He swipes through the pictures on his phone as he eats his breakfast. Pictures of hot meals that don't get posted anywhere, but Kento likes having them, even if he is the only one who sees them. Sunrise after sunrise after sunrise after sunrise after sunrise from the window of a plane taking him across the country to all his potential deathbeds, each snapshot of a domestic flight coloured with the reds and pinks of the daybreak, the clouds soft, tame, domesticated in the lower third of the screen.
Kento is good at taking pictures - he divides all his photos into the rule of three and at a glance, they are lovely, artful to the naked eye. He has, too, pictures of Itadori-kun, selfies the boy has sent him. Kento saved these to his phone, staring steadfastly at the ceiling.
ykno - Itadori Yuuji. 7:52
i kinda wish it was like this forever
Sometimes Kento will think about Itadori-kun's scheduled execution, planned as easily as a trip between cities. He thinks: he could take him away.
"Did you sleep well last night?" Kento says as a greeting.
Itadori-kun grins and tosses an energetic thumbs-up at him, his hoodie patterned with creases that tell Kento that it has been living for a while in a crushed and crumpled up state.
"Yeah! Thanks for asking, Nanamin."
"That's good," Kento nods. He opens the backseat of the car and tilts his head to the driver, a younger assistant, through the mirror. She returns his acknowledgement with a tentative smile.
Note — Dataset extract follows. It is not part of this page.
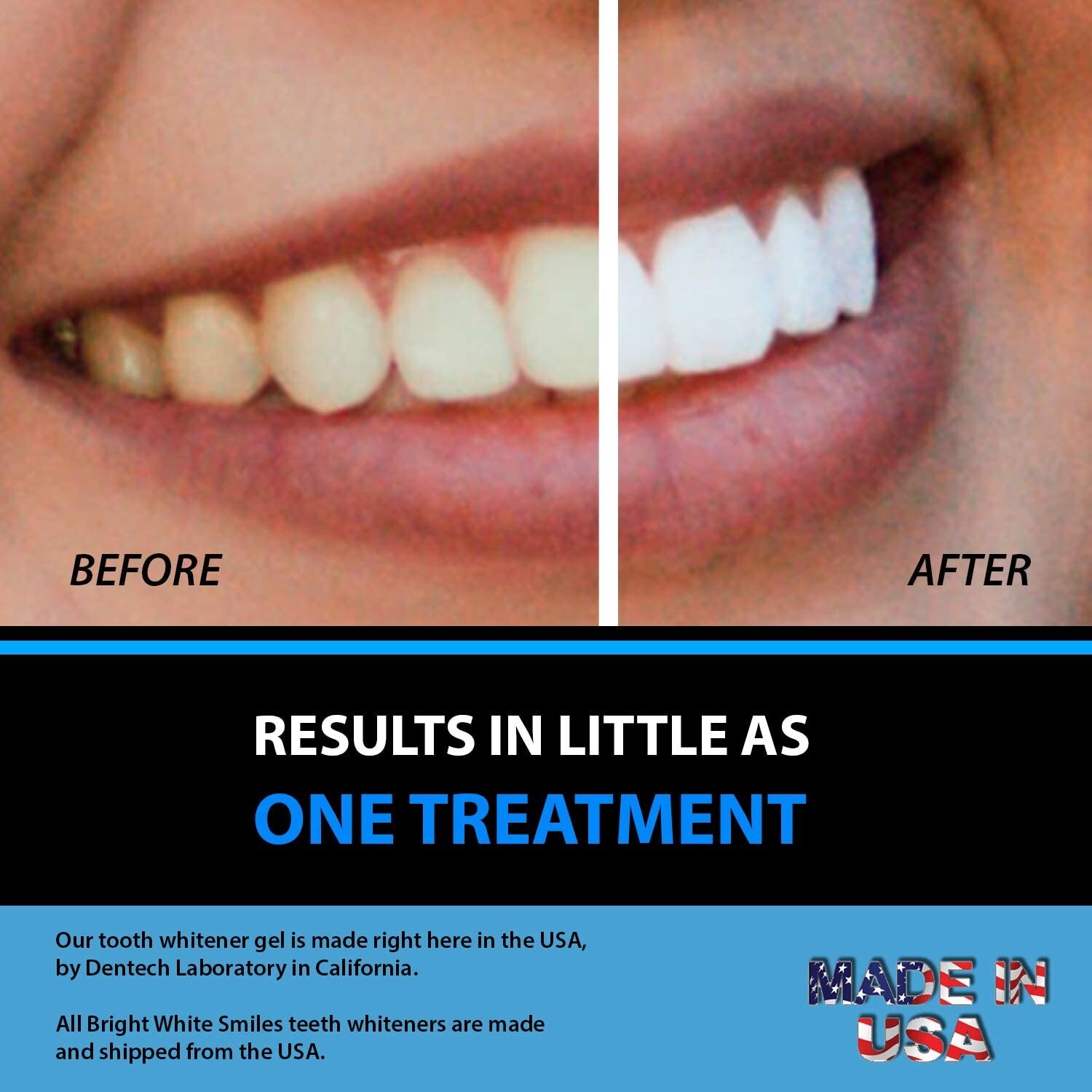 45% PEROXIDE GEL TEETH WHITENING TOOTH WHITENER BLEACH 10 SYRINGES DENTAL REFILL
He doesn't recognise her, which means that she must be relatively new, because Kento makes it a rule to catalogue the names of all the jujutsushi he may be in contact with.
It's a habit leftover from his days in the company, keeping diligent track of employers and employees and coworkers and clients alike. Networking in the jujutsu world is in many ways very similar, with the added clutter of clan politics and traditions, the added complexity of curses and cursed techniques. Mostly, he can confidently say that both are shit.
Itadori-kun clambers in from the other side of the car and smiles awkwardly at the assistant, who pointedly doesn't reply, aside from a polite nod.
They are scheduled for a mission outside of the city, so the drive is long. They pass by buildings that fade into trunks and canopies and high branches, all lit up by the light of early day and gleaming with the rain from last night. The road is a grey blur outside the window and the world feels somewhat atemporal, like they are existing outside of the constraints of time.
In the distance, the horizon trembles, a wobbling, fuzzy line - blue melting into the bleak gold of long, dying grass.
Partway through the drive, Itadori-kun's idle singing goes quiet, and he falls asleep on Kento's shoulder. The weight of his head is heavy, his skull feeling strangely fragile.
Kento is aware of the boy breathing. It is soft like smoke.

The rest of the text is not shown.